Apart from writing, you’re managing Gloom House Publishing. I’ve learned that it is known for its commitment to integrity, compassion, and unity. How do these values translate into the types of books you publish and the authors you choose to work with? What sets Gloom House apart from other indie presses?


Gloom House has old-school punk values and liberal sensibilities, so it’s more of a collective than a business. We’re a team, and each member is concerned with the success of the other members. But, most of all, we share a passion for writing. That’s what unites us more than anything. We release a variety of content, from dark fiction and literary horror to extreme horror and transgressive fiction. In short, we just want to share quality content that entertains readers. And in that goal, I think we’ve done alright.


Could you let our readers know what the requirements for authors are to submit their work to your publishing house?


Because Gloom House is basically a two-person show these days, we don’t have any open calls planned. In fact, our current release calendar takes us out to early 2024. We take the occasional pitch through our website, however. I suspect that our 2024 calendar will be full very soon. As we expand, we hope to do more open calls.

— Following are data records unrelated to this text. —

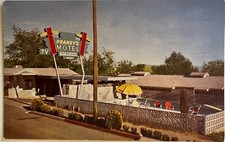 St George Utah Draneys Motel
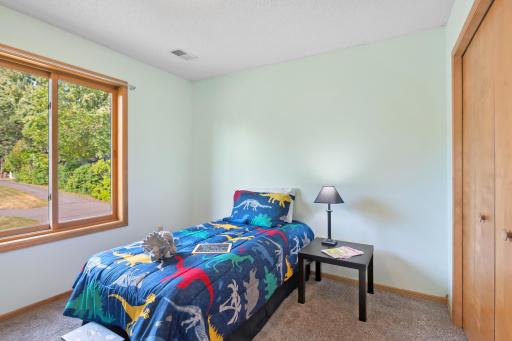 Plenty of Space on all Bedrooms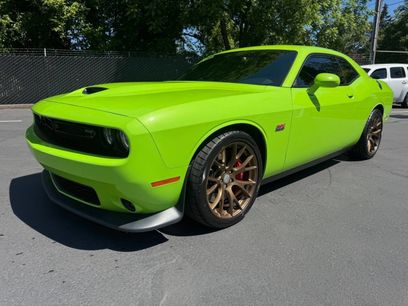 Used 2015 Dodge Challenger SRT w/ Technology Group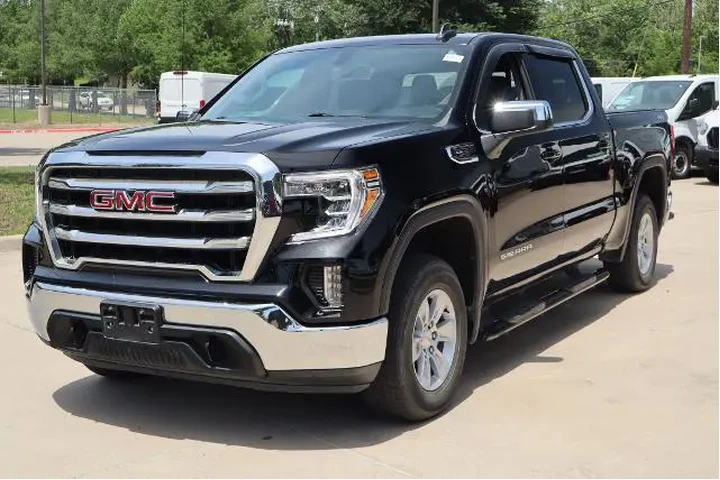$32868 : GMC Sierra 1500 2021 4x4 SLE image 8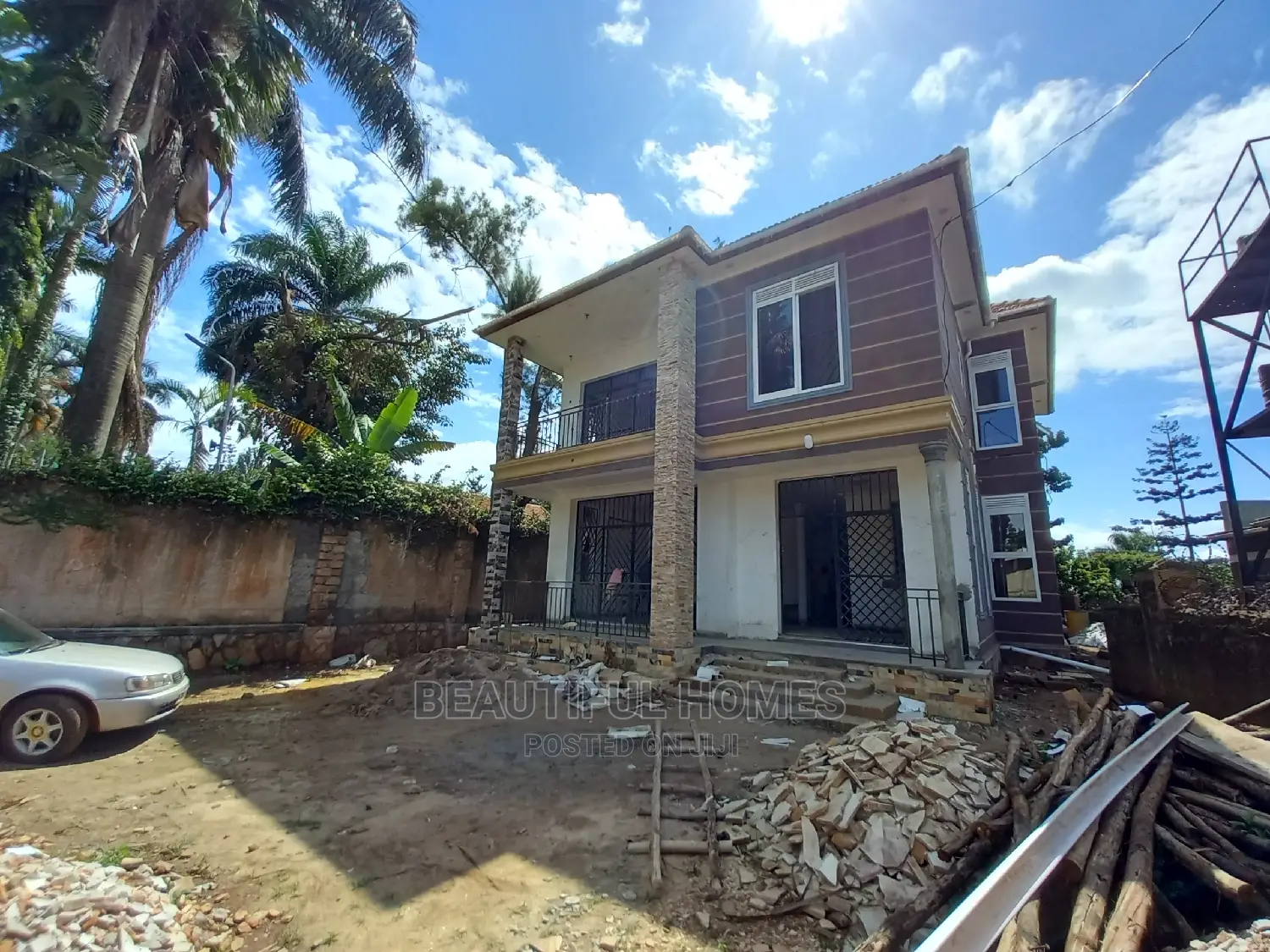 Furnished 4bdrm House in Kansanga Kiwafu, Central Division for Sale in Central Division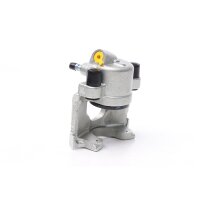 Brake Caliper front axle left METZGER suitable for e.g. FORD FIESTA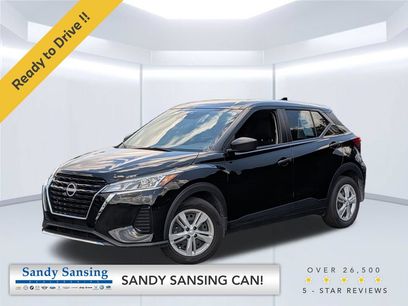 Certified 2023 Nissan Kicks S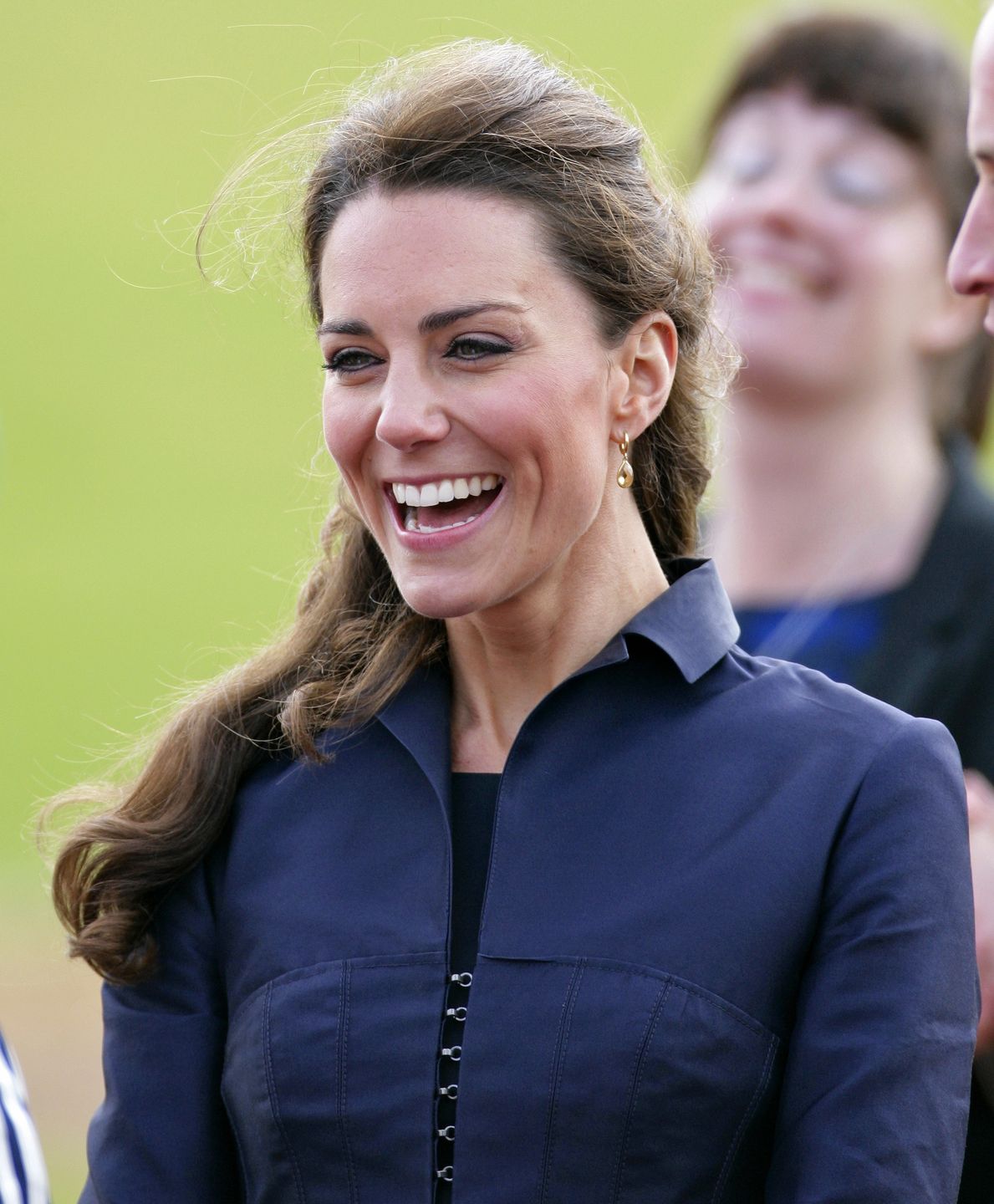 Kate Middleton w 2011 roku
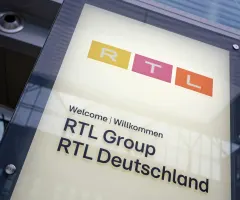 RTL nach Gewinnrückgang vorsichtig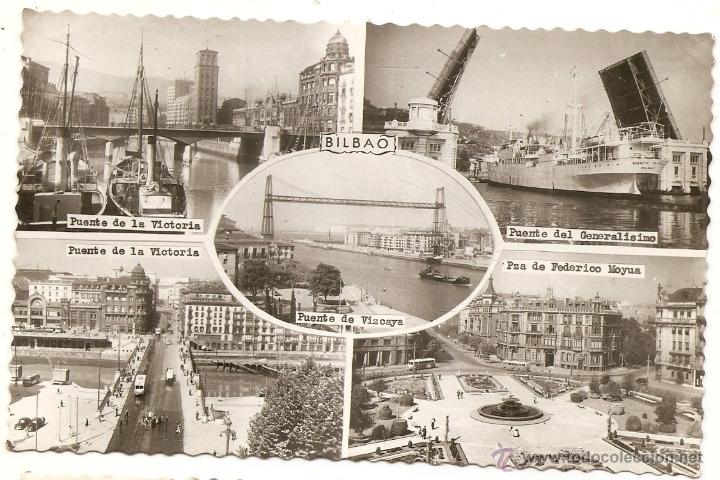 Postales: Bilbao - Foto 1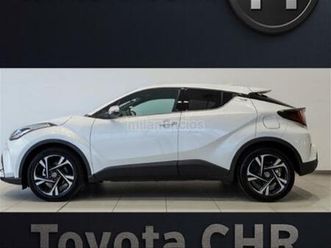 toyota - chr 1.8 125h advance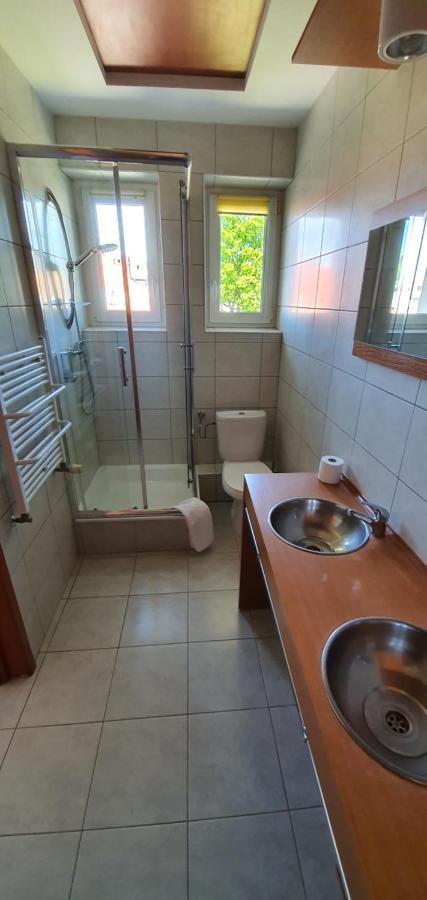 Apartamenty Nadmorskie Świnoujście Esterno foto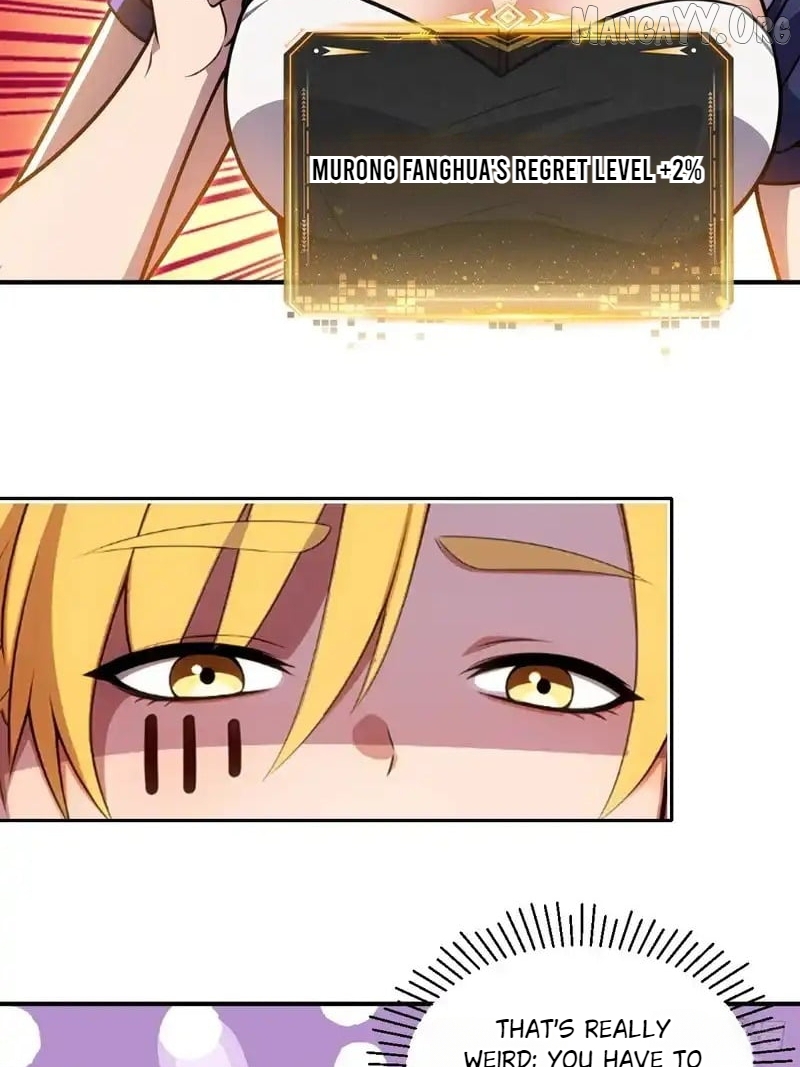 The Ultimate Wantless Godly Rich System Chapter 75 - page 87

Gloom House Publishing has been involved in charity projects, such as “Nursery Stories for Dumb Crotch Goblins: A Child’s Garden of Curses” and “We’re Here: An Anthology of LGBTQ+ Horror,” which donate proceeds to worthy causes. How important is it for you and Gloom House to give back to the community, and how do you select the charitable projects you support?


It’s very important to Gloom House to be involved in charity projects. I try to do charity work every year, whether contributing one of my short stories to a fundraising anthology or releasing a book for a cause. So, when Angelique Jordonna and Mick Collins approached me about the We’re Here anthology, I said yes immediately. I strongly believe in the Trevor Project’s work and loved that Angelique wanted the funds to go to them. Then, about a week or two later, I had the same reply when Marian Echevarria and Mick Collins approached me about the Crotch Goblins anthology. Mothers of Mayhem and Gloom House teamed up for the project, and we’re preparing for the August 29th release of the title. All proceeds from the anthology go to Donate Life America in honor of the late Jay Wilburn, who is greatly missed in the horror community.

You mentioned that Gloom House Publishing plans to release new titles by Aaron Lebold, Terry Miller, and Ruth Anna Evans. Could you provide any insights into these upcoming works and what readers can expect from these authors?


Aaron Lebold and Terry Miller have been with Gloom House since early 2022. We’ve released two of Lebold’s brutal novels, Genocide and The Sheriff of Salem. And we released Miller’s transgressive creature feature, Den of the Wererats, on our extreme imprint, Bastardized Books. In the coming months, we plan to release one of two planned Lebold offerings and Miller’s latest collection, We All Die Eventually. Ruth Anna Evans is the newest author signed to Gloom House, and we are excited to work on her dark and bloody novella, Do Not Go in That House.


Finally, do you find any particular inspiration in the quirks and idiosyncrasies of your surroundings?


Absolutely. My partner and I have a lot of animals. So it’s not surprising to look down and see our skunk, Cedric, nosing at my feet while I work. My cat Nugget often sits beside my computer, watching me write. The dogs—a basset hound, labradoodle, Great Dane, and English bulldog—nap around my office space throughout the day. And our two pigs, Snotz and Peanut, like to keep me on my toes. Another essential part of my writing and editing process is music. Usually, I play jazz or classical. But sometimes, the project demands a different genre, like electronic music, punk, indie rock, noise rock, ambient soundscapes, or death metal.


Well. Great chat. Thanks James for joining us and look forward for future collaborations.